Let's take this angle. When was the last time you looked at the retirement plans for members of Congress? Some of these congressmen created the Community Reinvestment Act monster that coerced banks and lending institutions into making many of these subprime mortgages. These congressmen urged Fannie and Freddie to reduce their credit guidelines so that these quasi-government agencies to buy most of those bad loans. These congressmen and senators are going to retire with fat retirement funds that are completely safe while tens of millions in the private sector will retire with retirement funds decimated by this economic meltdown. Much of the problem was caused by the Barney Franks in Washington .. why aren't they paying the price like the rest of us?
New York Attorney General Cuomo (No relation to Perry) wants a list of people who got those AIG bonuses. What? Now we have crimes being committed here? The attorney general is going to investigate people who receive payments pursuant to a contract? Cuomo - clearly playing to the political message here -- says that "we owe it to the taxpayers to take every possible action to stop unwarranted bonus payments to those who caused the AIG meltdown in the first place." Cuomo is going to investigate who received the bonuses and who developed the bonus plans.

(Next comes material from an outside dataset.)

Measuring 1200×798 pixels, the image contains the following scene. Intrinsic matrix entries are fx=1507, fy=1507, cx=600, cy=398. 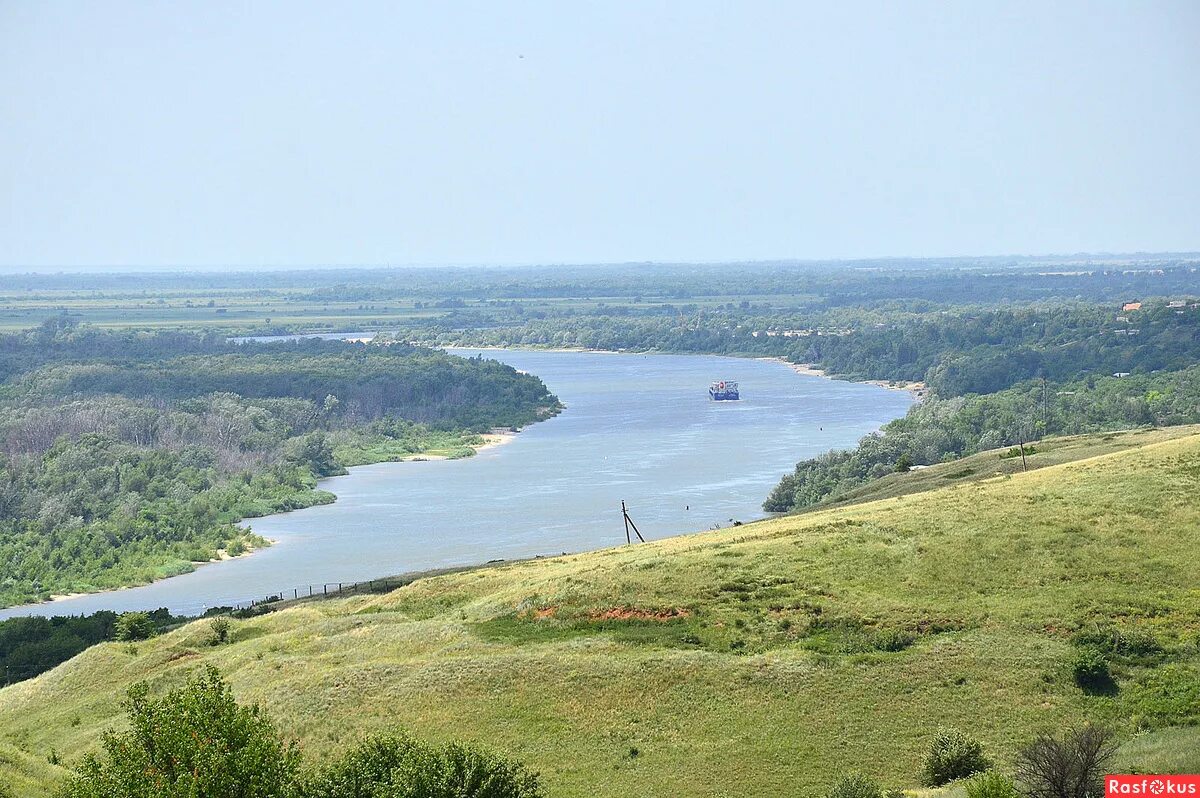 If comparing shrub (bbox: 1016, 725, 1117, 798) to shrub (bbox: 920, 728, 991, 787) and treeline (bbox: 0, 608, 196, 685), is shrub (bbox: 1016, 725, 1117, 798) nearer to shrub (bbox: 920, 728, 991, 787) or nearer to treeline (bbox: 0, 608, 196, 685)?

What in the hell is going on around here? Are we going to adopt a standard where contracts are only enforceable if they're popular with political class and the public? If that contract is unpopular what are we going to do? Sic the attorney general after the parties if they live up to its terms? Do you know where this is going to go? Well, what if you were some sort of a financial genius, and AIG or some other institution receiving bailout funds wanted to hire you to help turn them around. You're going to think: "Hmmm ... sounds like a nice opportunity. I can help those people and make some pretty good change in the process .. but do I want to be the subject of a criminal investigation by the attorney general if I accept a bonus? Do I want the president calling me greedy and telling the congress to pull out all of the stops to take the money I have earned back? I think not. I'm going to stay right where I am."
A lot of what we're seeing here is the anti-capitalist, pro-government left seeing an opportunity to demonize the private sector. The same politicians who are so adept at getting the public whipped into a frenzy over these bonuses seem somehow unable to gin up any degree of outrage over taxpayer money being spent on lobster sex and tattoo removal. At least there's a chance AIG is going to pay the money back. Let's see if some gang-banger gone straight offers up the money spent to remove his tats.
I, for one, am a lot more curious as to what Barney Frank's lover was up to at Fannie Mae while he was busy protecting that institution from President George Bush's attempts at reform, than I am in sending the New York Attorney general on a witch hunt for executives who received bonus payments pursuant to a contract.